___ DATASET ENTRIES

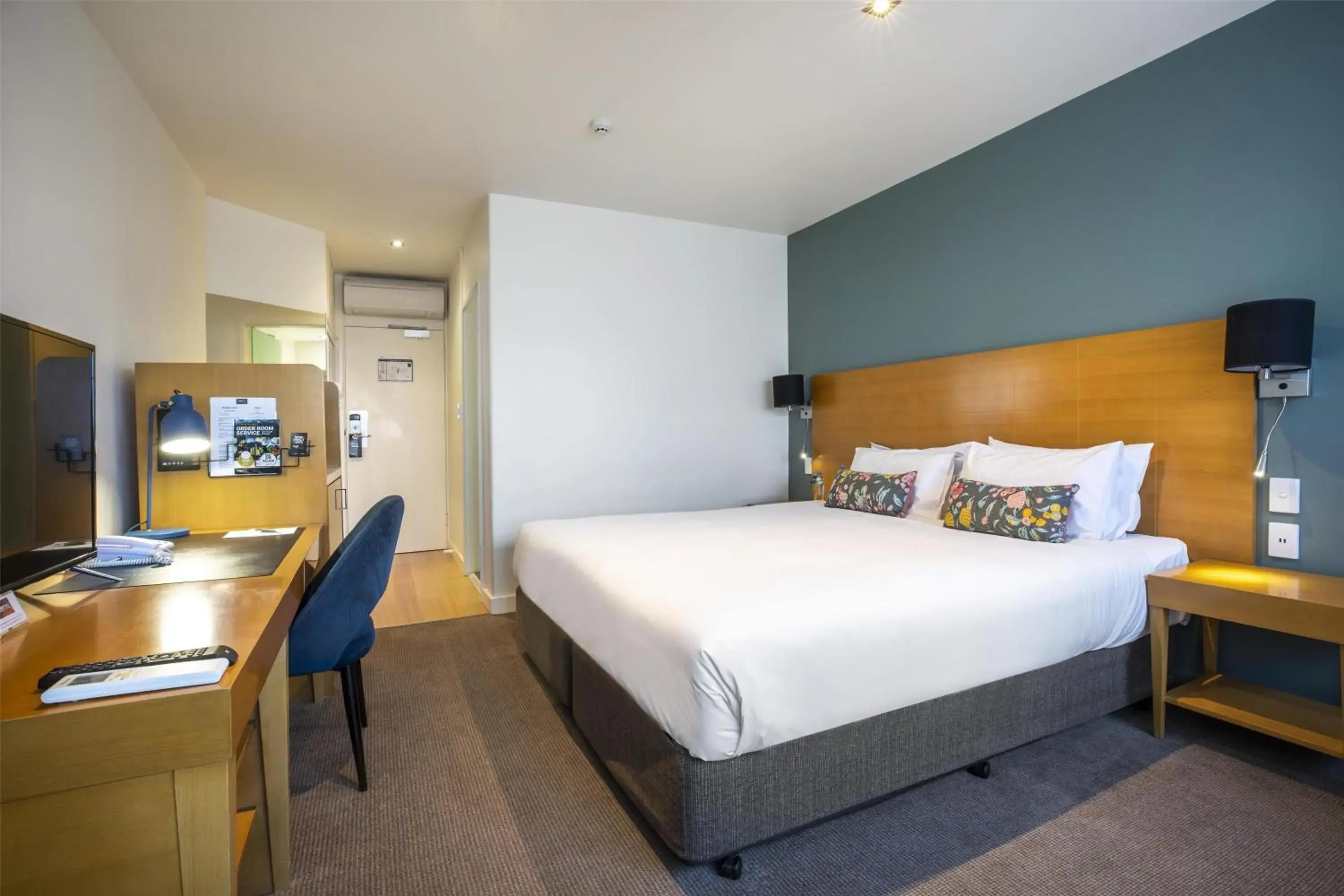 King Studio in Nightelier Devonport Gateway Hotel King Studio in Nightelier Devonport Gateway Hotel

______
___ DATASET ENTRIES

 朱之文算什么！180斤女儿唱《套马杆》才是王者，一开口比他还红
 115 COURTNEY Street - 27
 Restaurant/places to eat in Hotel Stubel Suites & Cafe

______

→ **TASK BRIEF**
Go through the material above and output exactly the lines from the one containing "朱之文算什么！180斤女儿唱《套马杆》才是王者，一开口比他还红" through the one containing "Restaurant/places to eat".

→ **TASK RESULT**
 朱之文算什么！180斤女儿唱《套马杆》才是王者，一开口比他还红
 115 COURTNEY Street - 27
 Restaurant/places to eat in Hotel Stubel Suites & Cafe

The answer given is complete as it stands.